Exercise description = Beneath this task are records; print exactly the stretch of them from the line with "Şanlıurfa’da hastaneye sevk" through the line with "United. (Foto: Nusport)", both ends included.

Supplied data =
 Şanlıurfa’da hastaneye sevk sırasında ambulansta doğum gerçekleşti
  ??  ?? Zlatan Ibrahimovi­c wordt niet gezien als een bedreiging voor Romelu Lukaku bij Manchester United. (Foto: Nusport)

* * *

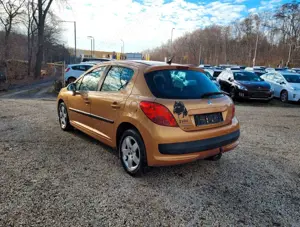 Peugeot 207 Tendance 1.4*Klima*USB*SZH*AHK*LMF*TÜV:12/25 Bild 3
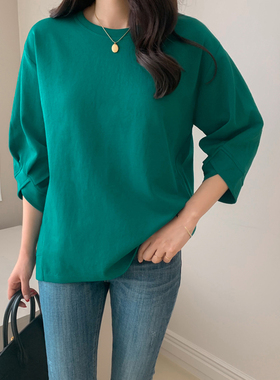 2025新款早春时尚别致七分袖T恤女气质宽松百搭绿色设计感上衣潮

* * *

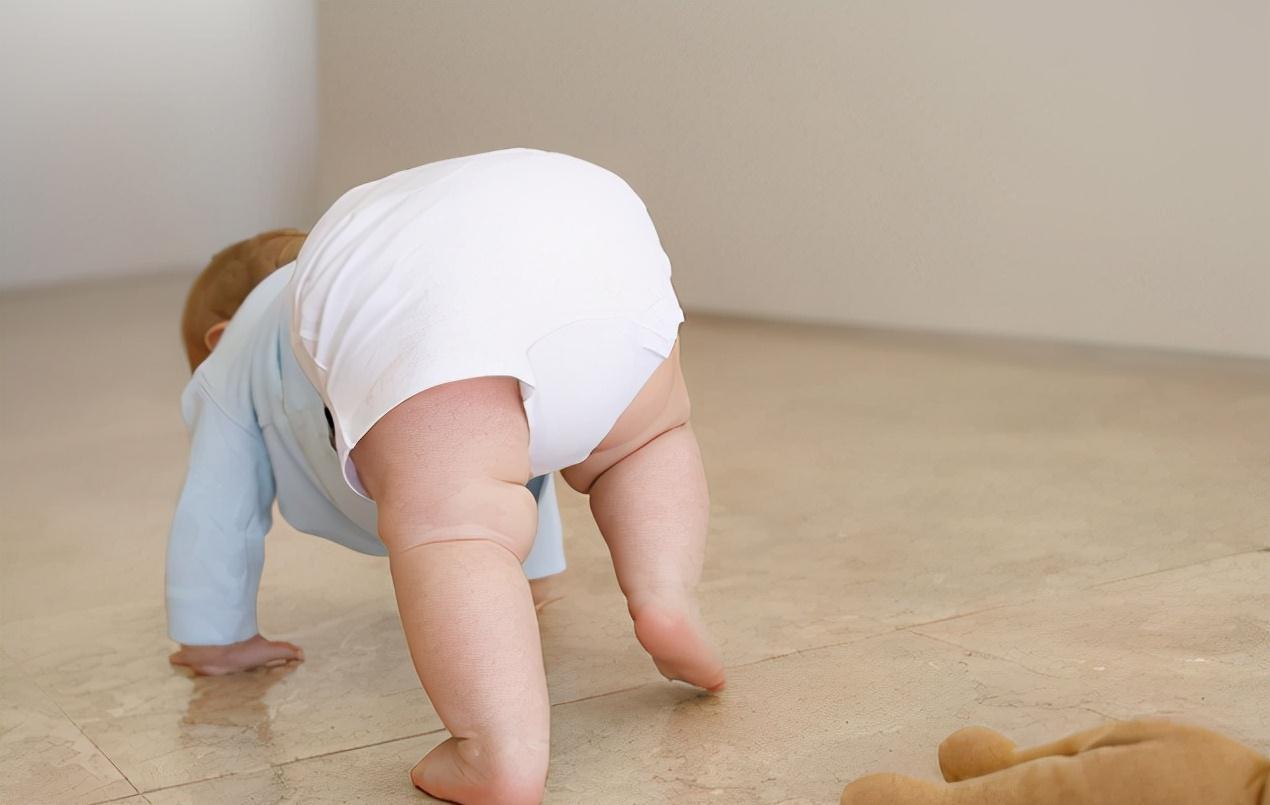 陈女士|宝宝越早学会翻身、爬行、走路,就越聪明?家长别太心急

Response area =
 Şanlıurfa’da hastaneye sevk sırasında ambulansta doğum gerçekleşti
  ??  ?? Zlatan Ibrahimovi­c wordt niet gezien als een bedreiging voor Romelu Lukaku bij Manchester United. (Foto: Nusport)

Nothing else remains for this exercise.